Forum Discussion
Cannot get a secondary signal
I have had home internet through T-mobile for a little over 3 weeks and I cannot get a secondary signal. I have tried changing the gateway location and tried using an external antenna. The t-mobile map shows my area as covered by 5g extended. No such luck.
The signal I am getting is pretty weak. All T-mobile can tell me is they are constantly upgrading towers in order to provide the best customer experience…..
- 007BondMI6Bandwidth Buddy
I live in a Ultra 5G coverage area map clearly shows my house is covered. I can put the can in a few places where I get n41 or n71 it last for seconds or minutes and gone. When I have the n41 download is 500+ but again for short time and gone. 99% of the time I am on the B66 and no secondary at all with download 60-70 ish latey. I really don't get it as our phones can hold the higher speed bands even in the home.
- TimswLTE Learner
ka79535 wrote:
I have had home internet through T-mobile for a little over 3 weeks and I cannot get a secondary signal. I have tried changing the gateway location and tried using an external antenna. The t-mobile map shows my area as covered by 5g extended. No such luck.
The signal I am getting is pretty weak. All T-mobile can tell me is they are constantly upgrading towers in order to provide the best customer experience…..

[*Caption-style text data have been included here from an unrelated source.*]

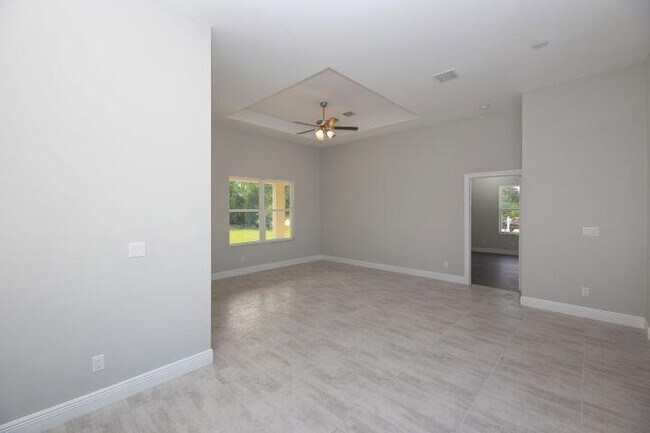 Foto del edificio - 1730 SW California Blvd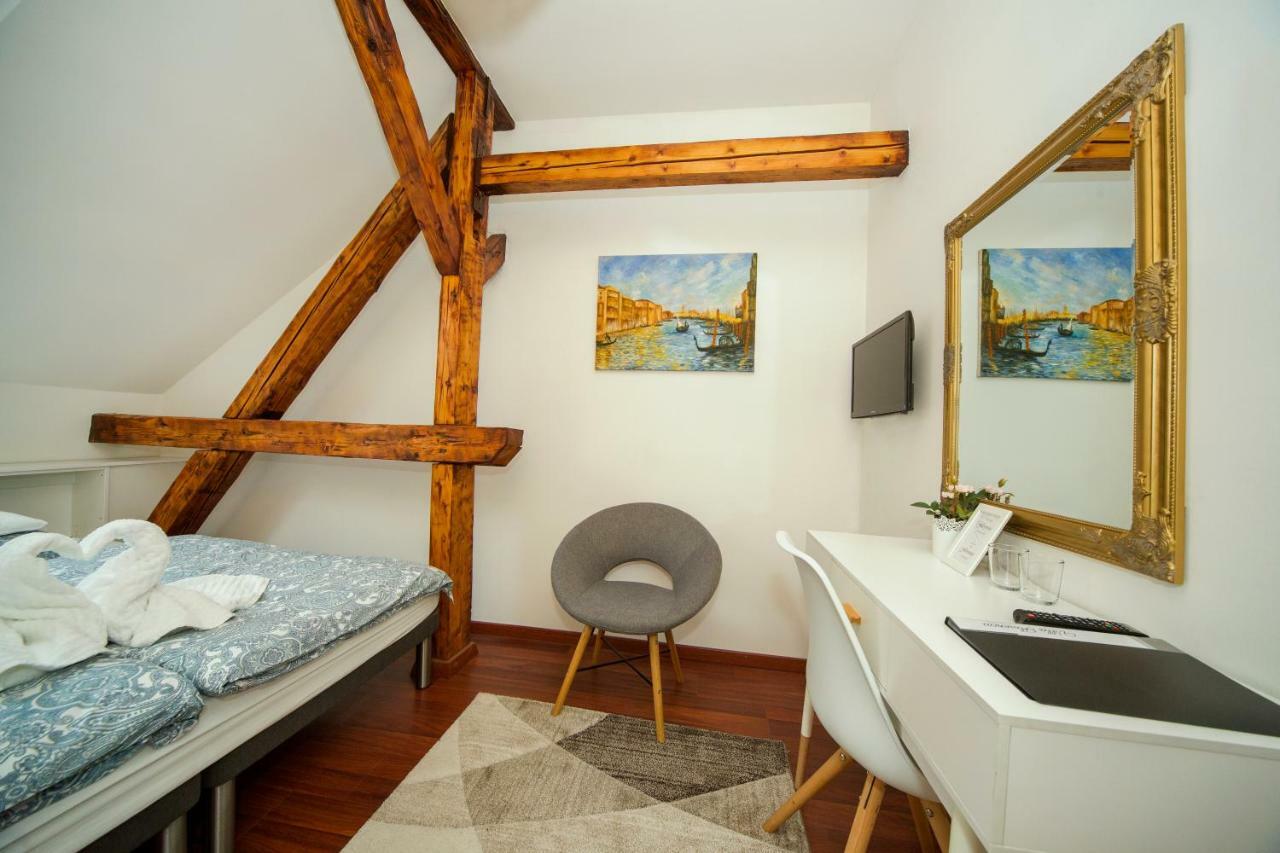 Villa Florencia Егер Екстериор снимка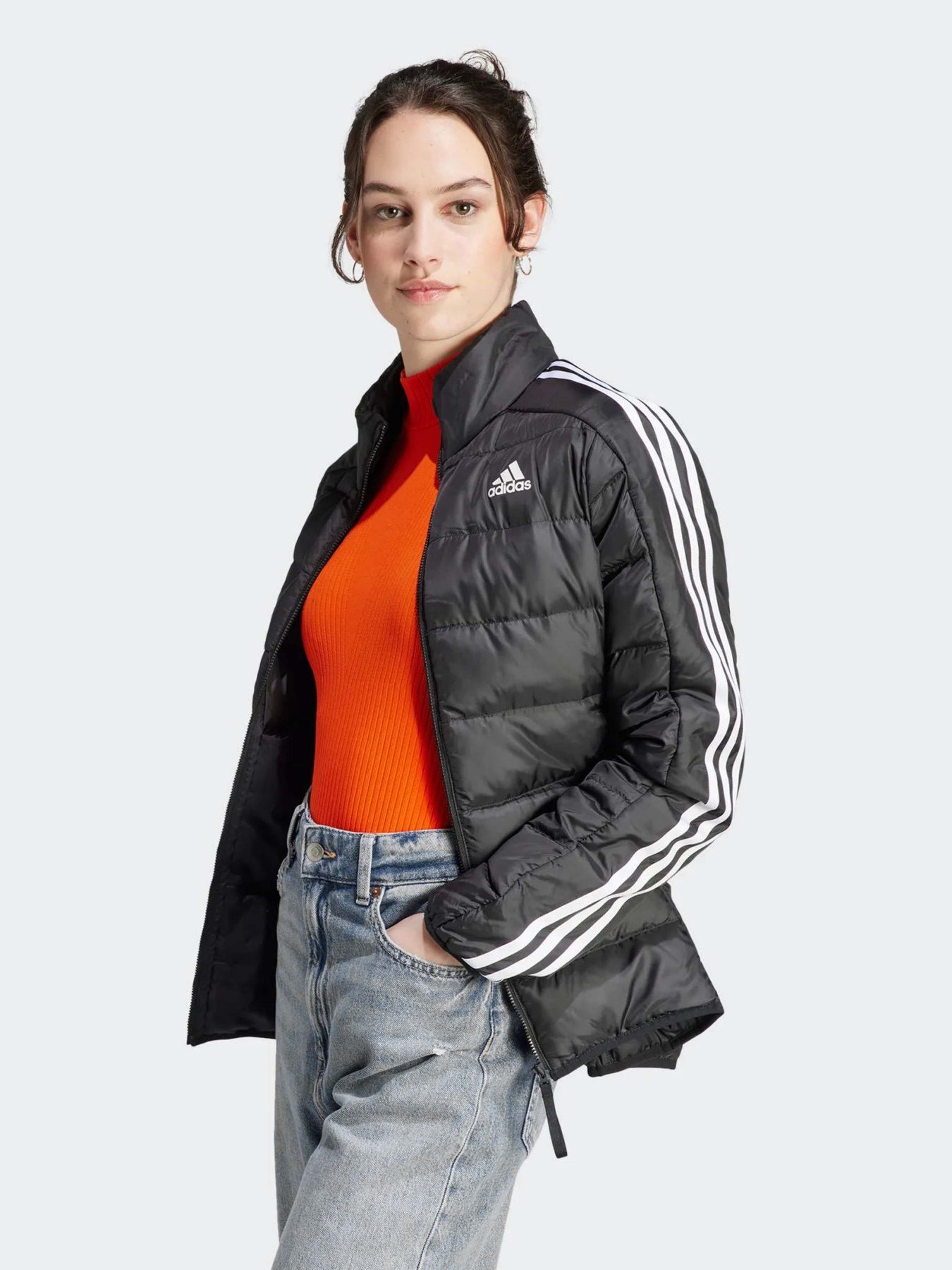 Демісезонна куртка Adidas Essentials 3-Stripes Light Down модель HZ5726 Фото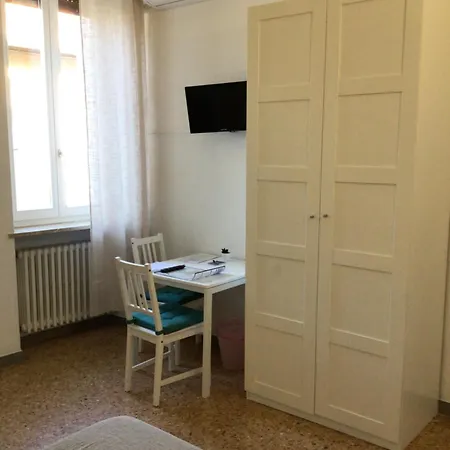 A Due Passi Da Giulietta-casa Montecchi Guest house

How far are you from the tower and if you know where your tower is, are there a lot of hills or forests in the way between you and the tower? If you have a distance over 7 miles and/or obstructions, that could account for they weak signal and not picking up the Secondary, which means you aren't getting 5G. You probably know this already since you seem to have a good handle on the meaning of the data, but I'm just stating it for people who may be just starting out.There is one more possibility and if I were in your place I would try it only if I had good sight-lines to the tower and were less than 7 miles away from the tower. That is you may have gotten a defective gateway. You can call them and just say you've tried everything, really want it to work, and just ask them if you can swap it out.
Another possibility is the 5G equipment at your tower is down, and once it is up, you'll get the Secondary signal. If that were the case, it is unfortunate the service department can't give you a specific answer on that for your tower.

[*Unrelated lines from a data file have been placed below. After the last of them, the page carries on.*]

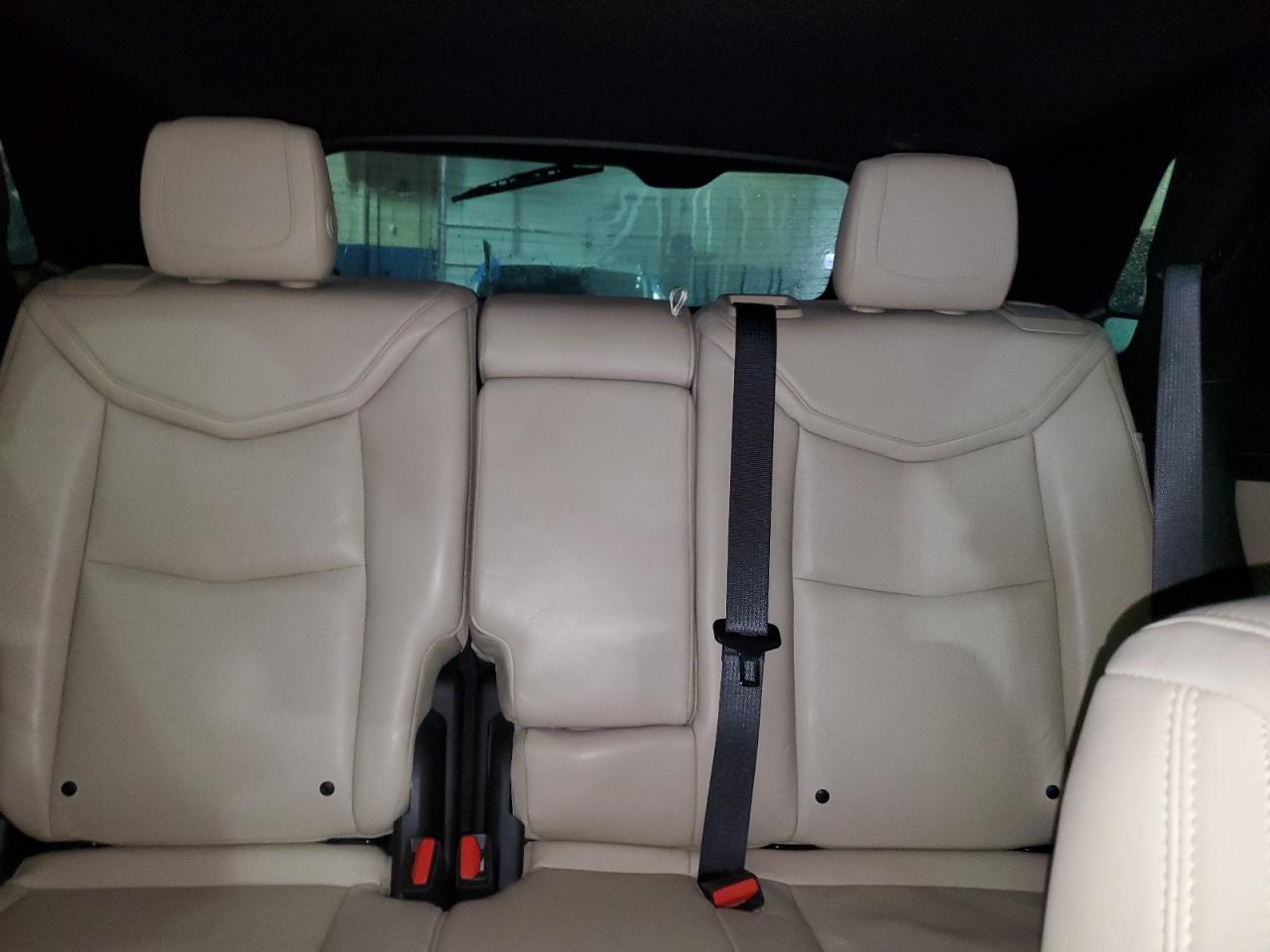2017 Cadillac XT5 - Image 10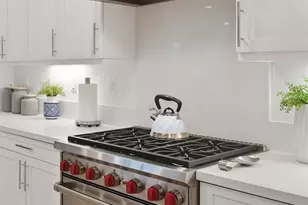 20912 Silvergate Wy, Newhall, CA 91321 - Photo 11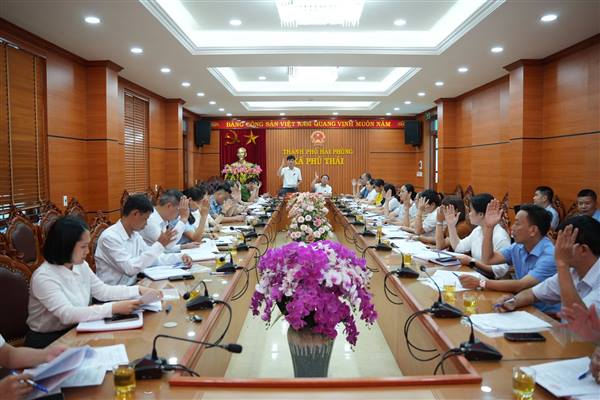 Hội đồng nhân dân xã Phú Thái khóa II, nhiệm kỳ 2026-2031 đã tổ chức Kỳ họp thứ 3 (Kỳ họp chuyên đề) để xem xét, quyết định các nội dung quan trọng thuộc thẩm quyền. 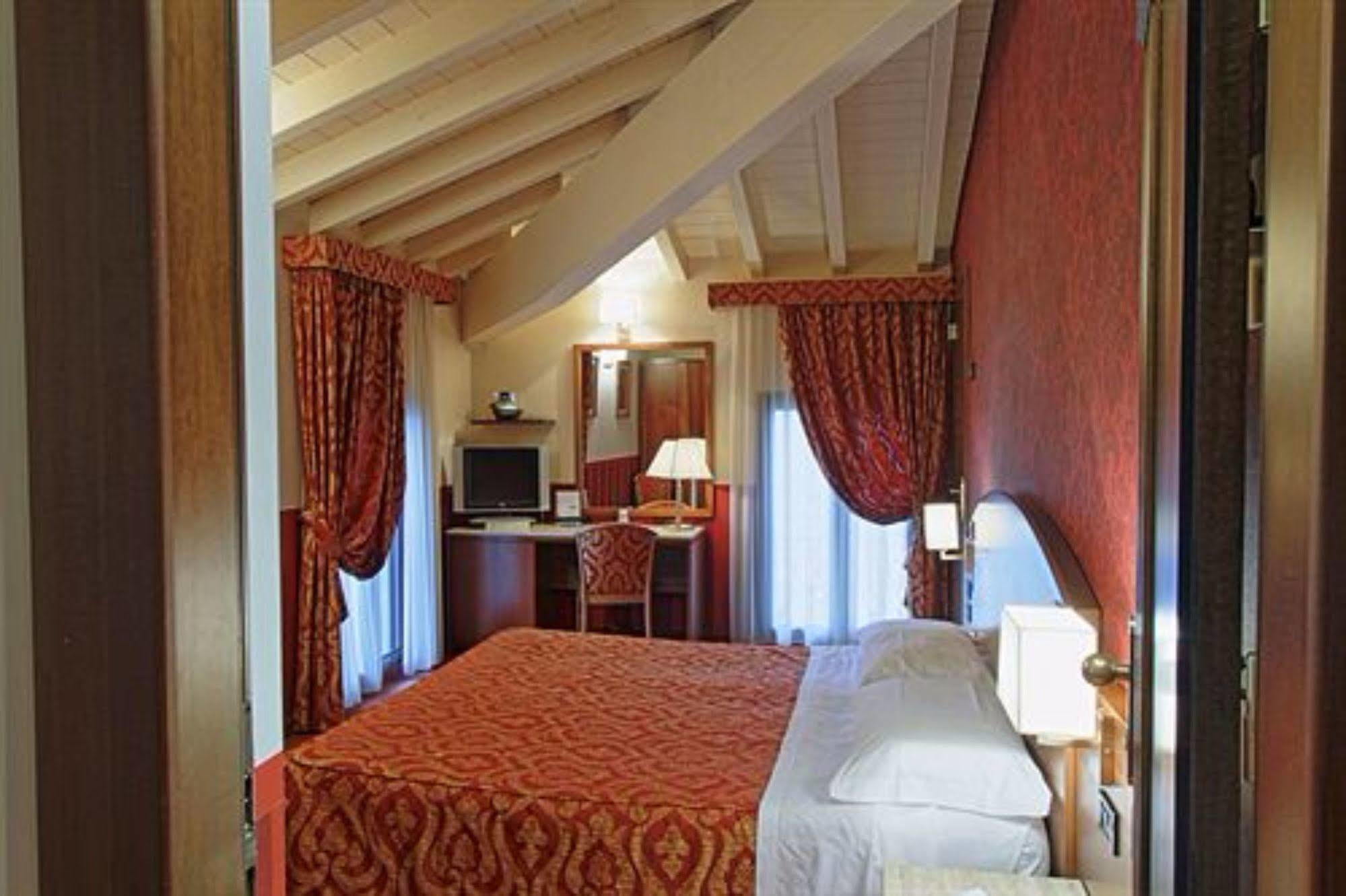 Savoia Hotel Country House Bologna Eksteriør billede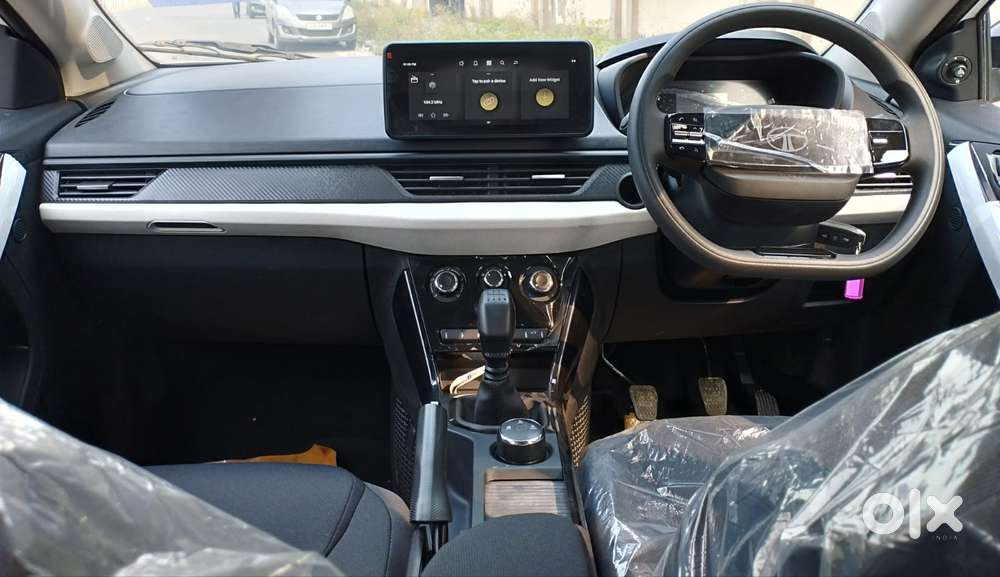 Tata Nexon, 2025, Petrol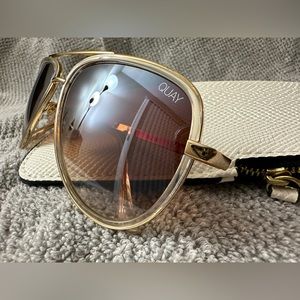 Quay Australia sunglasses with pouch case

I just watched a video of a guy who had been on the old 4G white modem for a year and switched to the 5G gray can and was disappointed he got only 10 to 20 in speed on the gray can. But after a short time, the can got stuck in re-boot mode, kept rebooting itself over and over and wouldn't work at all. So they let him exchange it for a refurbished can and bingo, speeds around 80+ and he is very happy.
So that is the last-ditch effort people who really want Tmobile to work for them will try, who don't have a good service provider alternative to fall back on. Unfortunately, most people who try swapping out their gateway find that isn't their problem.
I read some of your previous posts and saw you mentioned getting 16/1 speeds on Frontier, your former provider.The policies of these companies vary. Some might even charge you for a re-connection fee. But many will give a price break if you are coming back to them, at least for one year. They want to get their old customers back. It is a big loss for them.Then in a year you can try again with Tmobile and see if they've improved.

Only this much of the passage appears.